**DIRECTIONS:** Retype, exactly and with both ends included, the lines below from the one containing "Charming vacation home" through the end; omit the pictures.

**DATA EXCERPTS:**
☆ ☆ ☆ ☆

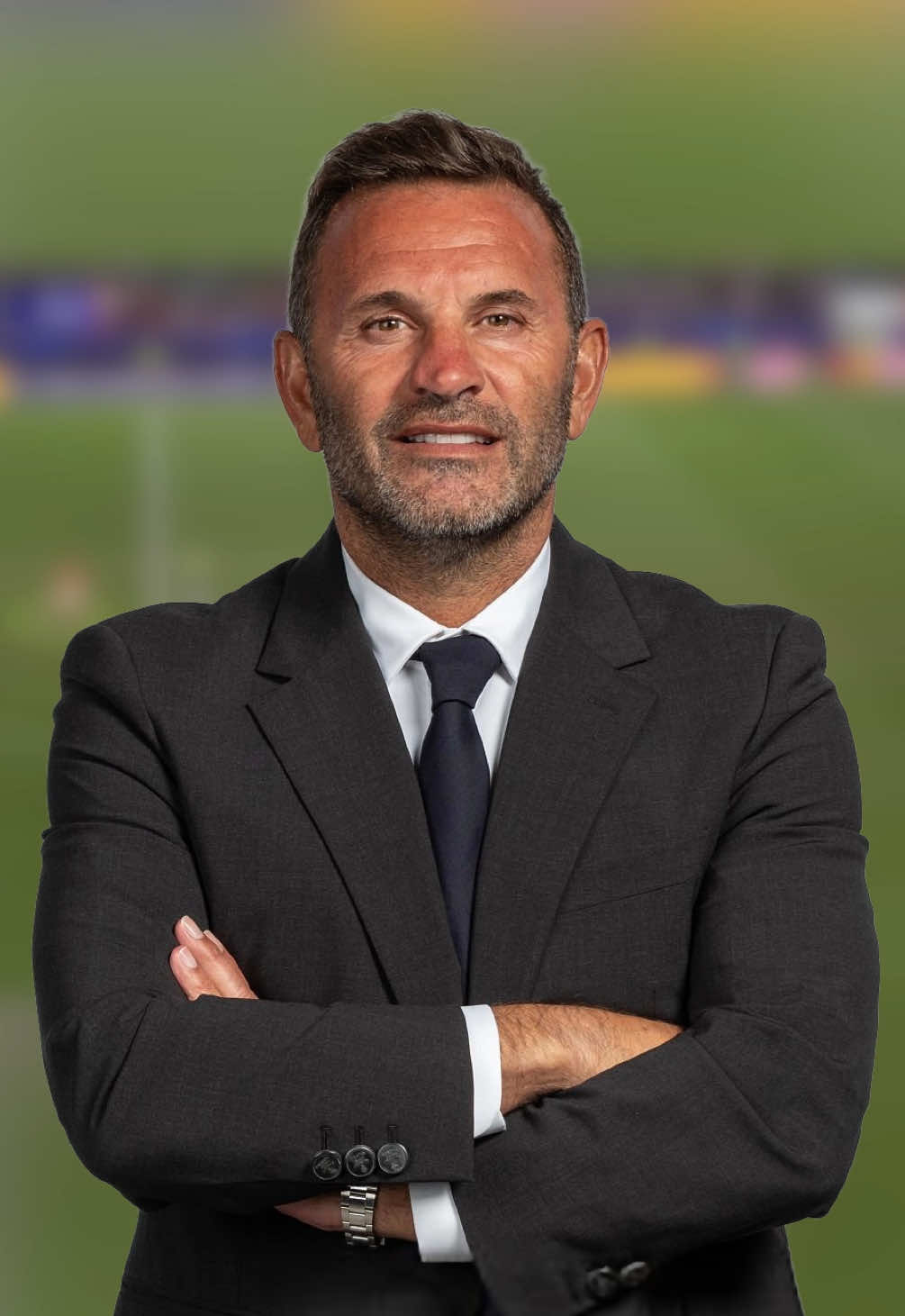 @Hastalık Bu Futbol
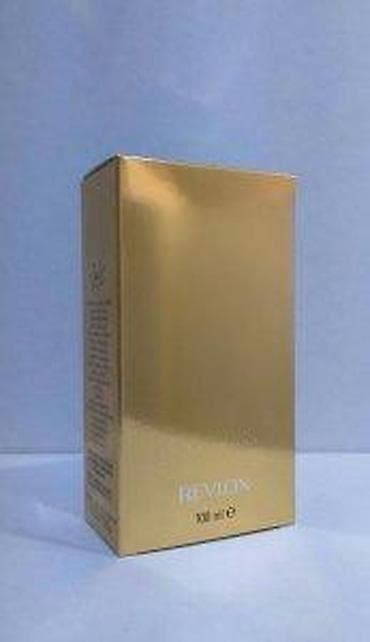 economic parfemi beograd: REVLON CHARLIE GOLD EDT100ML | Revlon Charlie Gold edt100ml — 6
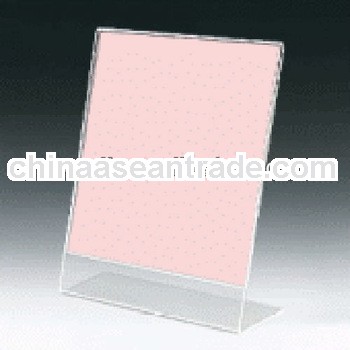  top quality Wholesale pink A4 LED paper backlight,electric switch panel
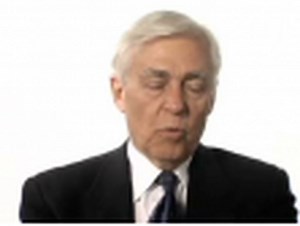 How Technology is Affecting Small Business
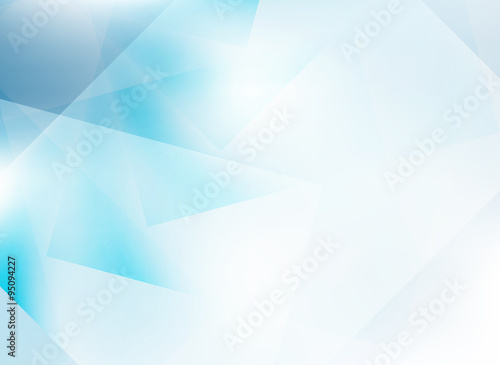 blue sky abstract background pastel vector illustration ai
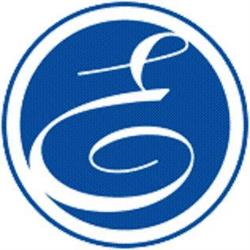 Elvestia Vastgoedbeheer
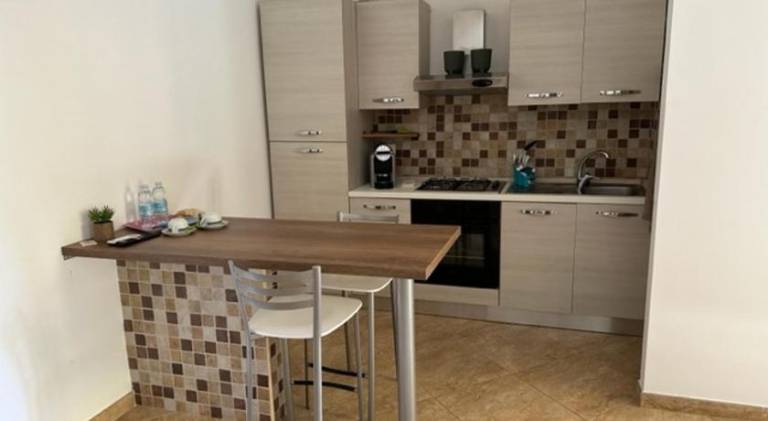 Charming vacation home with garden & terrace | Next to the beach | Dogs allowed — photo 4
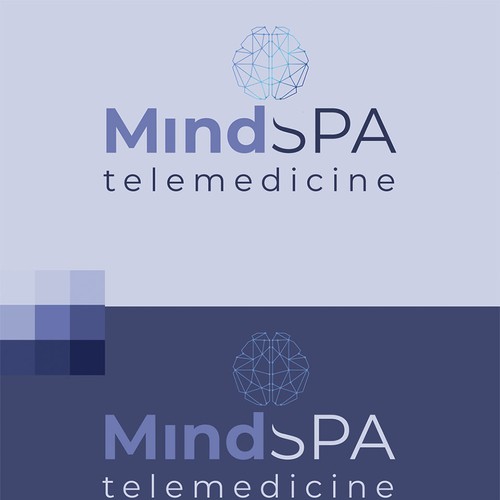 MindSpa Telemedicine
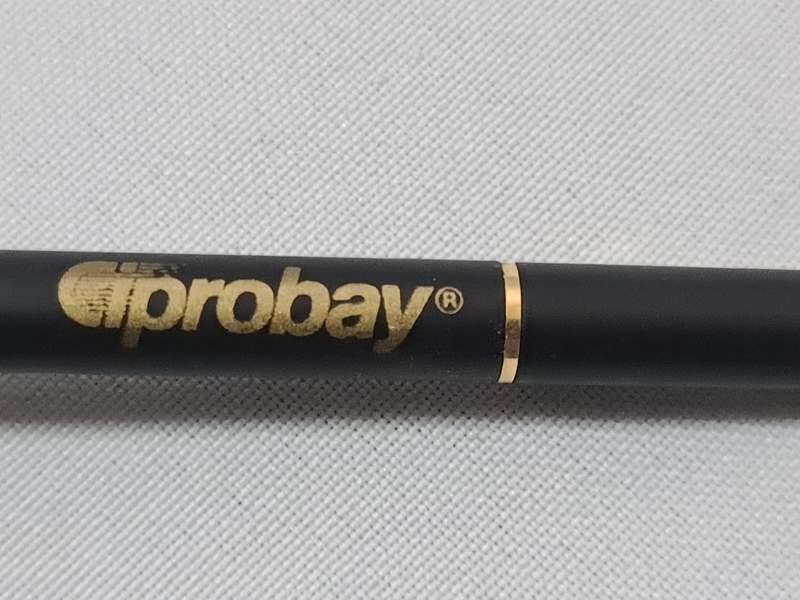 X14 Mixed pens. Cross, Big, Pilot etc.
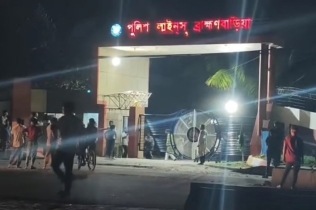 গান-কনসার্টে বাধা ও হামলা, ‘মবভীতি’ নিয়ে বাড়ছে উদ্বেগ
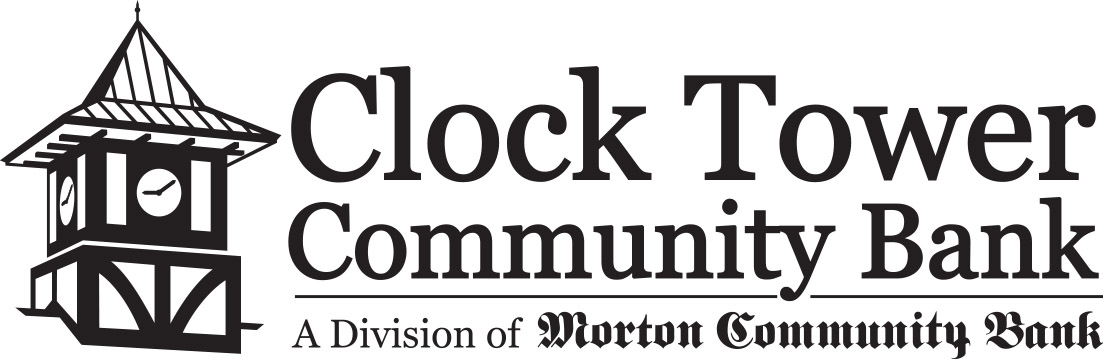 Clock Tower Community Bank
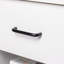Bureau avec bahut Iory-905054248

☆ ☆ ☆ ☆

**RESPONSE TO THE TASK:**
 Charming vacation home with garden & terrace | Next to the beach | Dogs allowed — photo 4
 MindSpa Telemedicine
 X14 Mixed pens. Cross, Big, Pilot etc.
 গান-কনসার্টে বাধা ও হামলা, ‘মবভীতি’ নিয়ে বাড়ছে উদ্বেগ
 Clock Tower Community Bank
Bureau avec bahut Iory-905054248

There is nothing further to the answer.